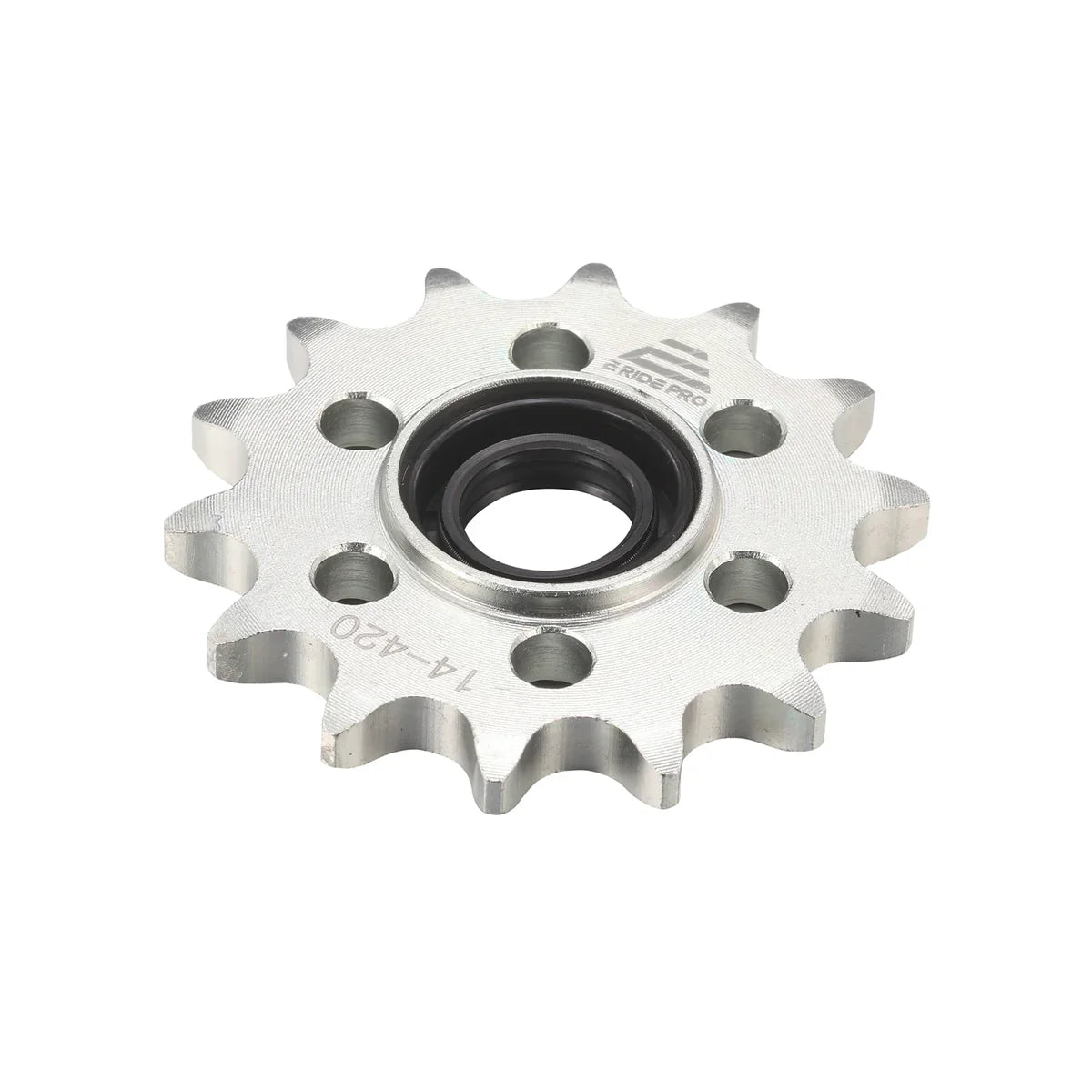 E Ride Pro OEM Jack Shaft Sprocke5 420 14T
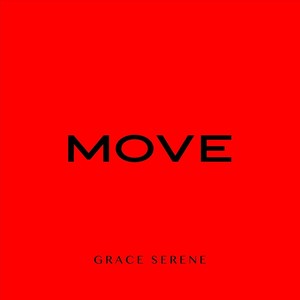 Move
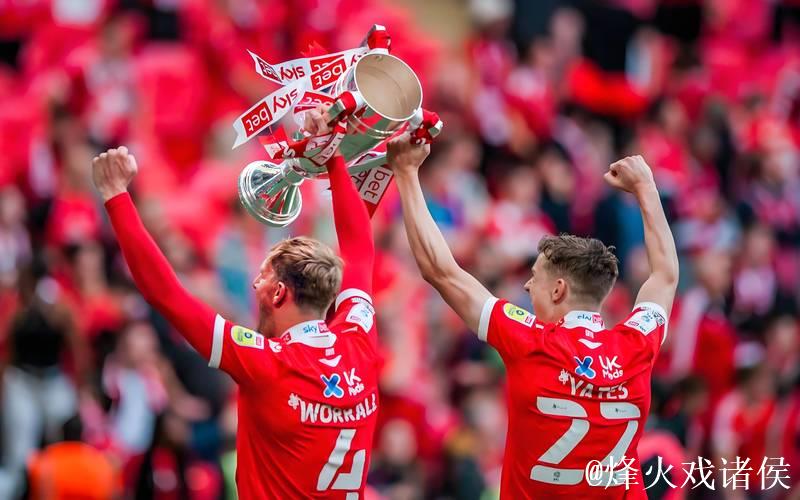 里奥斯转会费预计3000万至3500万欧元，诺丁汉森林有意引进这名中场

### TASK INSTRUCTIONS
Restate the data above word for word. Skip every picture.

### WRITTEN RESPONSE
 E Ride Pro OEM Jack Shaft Sprocke5 420 14T
 Move
 里奥斯转会费预计3000万至3500万欧元，诺丁汉森林有意引进这名中场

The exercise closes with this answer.